─── Available data

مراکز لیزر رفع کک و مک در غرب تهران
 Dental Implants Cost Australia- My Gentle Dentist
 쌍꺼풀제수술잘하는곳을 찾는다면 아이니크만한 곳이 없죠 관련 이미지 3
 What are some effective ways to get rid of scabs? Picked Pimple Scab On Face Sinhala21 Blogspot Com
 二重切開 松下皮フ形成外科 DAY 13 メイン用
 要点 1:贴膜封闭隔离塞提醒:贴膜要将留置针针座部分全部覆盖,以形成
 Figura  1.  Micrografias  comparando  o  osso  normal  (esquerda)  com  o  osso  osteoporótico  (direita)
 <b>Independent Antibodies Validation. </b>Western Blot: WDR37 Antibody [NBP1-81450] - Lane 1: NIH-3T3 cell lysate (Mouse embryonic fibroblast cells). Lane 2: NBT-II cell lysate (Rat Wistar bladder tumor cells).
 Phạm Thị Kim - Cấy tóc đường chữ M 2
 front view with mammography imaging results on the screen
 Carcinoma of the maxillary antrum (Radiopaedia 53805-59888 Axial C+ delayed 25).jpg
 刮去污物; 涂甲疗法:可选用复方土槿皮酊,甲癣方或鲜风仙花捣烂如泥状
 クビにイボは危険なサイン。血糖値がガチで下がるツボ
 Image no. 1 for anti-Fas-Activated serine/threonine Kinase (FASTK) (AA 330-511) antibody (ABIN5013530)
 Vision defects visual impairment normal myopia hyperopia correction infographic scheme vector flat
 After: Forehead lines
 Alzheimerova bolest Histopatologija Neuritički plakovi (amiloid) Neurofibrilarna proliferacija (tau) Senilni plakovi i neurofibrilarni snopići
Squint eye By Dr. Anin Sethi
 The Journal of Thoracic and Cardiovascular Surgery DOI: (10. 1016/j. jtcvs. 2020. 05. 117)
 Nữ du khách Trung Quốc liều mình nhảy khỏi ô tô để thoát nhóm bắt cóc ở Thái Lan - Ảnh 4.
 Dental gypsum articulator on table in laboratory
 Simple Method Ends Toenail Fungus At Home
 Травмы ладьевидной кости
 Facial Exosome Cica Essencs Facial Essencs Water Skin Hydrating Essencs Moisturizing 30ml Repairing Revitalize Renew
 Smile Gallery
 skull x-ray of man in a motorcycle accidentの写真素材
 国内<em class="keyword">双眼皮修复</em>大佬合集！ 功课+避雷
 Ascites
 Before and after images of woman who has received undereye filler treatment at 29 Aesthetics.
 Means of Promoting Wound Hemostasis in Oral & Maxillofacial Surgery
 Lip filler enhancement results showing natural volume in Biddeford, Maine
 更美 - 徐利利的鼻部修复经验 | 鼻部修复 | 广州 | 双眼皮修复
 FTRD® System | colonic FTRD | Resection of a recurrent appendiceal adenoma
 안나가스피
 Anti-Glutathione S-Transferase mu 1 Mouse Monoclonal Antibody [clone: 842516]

──────

#### Directions for this task:
Go through the data and retype all of it exactly.

#### Task answer:
مراکز لیزر رفع کک و مک در غرب تهران
 Dental Implants Cost Australia- My Gentle Dentist
 쌍꺼풀제수술잘하는곳을 찾는다면 아이니크만한 곳이 없죠 관련 이미지 3
 What are some effective ways to get rid of scabs? Picked Pimple Scab On Face Sinhala21 Blogspot Com
 二重切開 松下皮フ形成外科 DAY 13 メイン用
 要点 1:贴膜封闭隔离塞提醒:贴膜要将留置针针座部分全部覆盖,以形成
 Figura  1.  Micrografias  comparando  o  osso  normal  (esquerda)  com  o  osso  osteoporótico  (direita)
 <b>Independent Antibodies Validation. </b>Western Blot: WDR37 Antibody [NBP1-81450] - Lane 1: NIH-3T3 cell lysate (Mouse embryonic fibroblast cells). Lane 2: NBT-II cell lysate (Rat Wistar bladder tumor cells).
 Phạm Thị Kim - Cấy tóc đường chữ M 2
 front view with mammography imaging results on the screen
 Carcinoma of the maxillary antrum (Radiopaedia 53805-59888 Axial C+ delayed 25).jpg
 刮去污物; 涂甲疗法:可选用复方土槿皮酊,甲癣方或鲜风仙花捣烂如泥状
 クビにイボは危険なサイン。血糖値がガチで下がるツボ
 Image no. 1 for anti-Fas-Activated serine/threonine Kinase (FASTK) (AA 330-511) antibody (ABIN5013530)
 Vision defects visual impairment normal myopia hyperopia correction infographic scheme vector flat
 After: Forehead lines
 Alzheimerova bolest Histopatologija Neuritički plakovi (amiloid) Neurofibrilarna proliferacija (tau) Senilni plakovi i neurofibrilarni snopići
Squint eye By Dr. Anin Sethi
 The Journal of Thoracic and Cardiovascular Surgery DOI: (10. 1016/j. jtcvs. 2020. 05. 117)
 Nữ du khách Trung Quốc liều mình nhảy khỏi ô tô để thoát nhóm bắt cóc ở Thái Lan - Ảnh 4.
 Dental gypsum articulator on table in laboratory
 Simple Method Ends Toenail Fungus At Home
 Травмы ладьевидной кости
 Facial Exosome Cica Essencs Facial Essencs Water Skin Hydrating Essencs Moisturizing 30ml Repairing Revitalize Renew
 Smile Gallery
 skull x-ray of man in a motorcycle accidentの写真素材
 国内<em class="keyword">双眼皮修复</em>大佬合集！ 功课+避雷
 Ascites
 Before and after images of woman who has received undereye filler treatment at 29 Aesthetics.
 Means of Promoting Wound Hemostasis in Oral & Maxillofacial Surgery
 Lip filler enhancement results showing natural volume in Biddeford, Maine
 更美 - 徐利利的鼻部修复经验 | 鼻部修复 | 广州 | 双眼皮修复
 FTRD® System | colonic FTRD | Resection of a recurrent appendiceal adenoma
 안나가스피
 Anti-Glutathione S-Transferase mu 1 Mouse Monoclonal Antibody [clone: 842516]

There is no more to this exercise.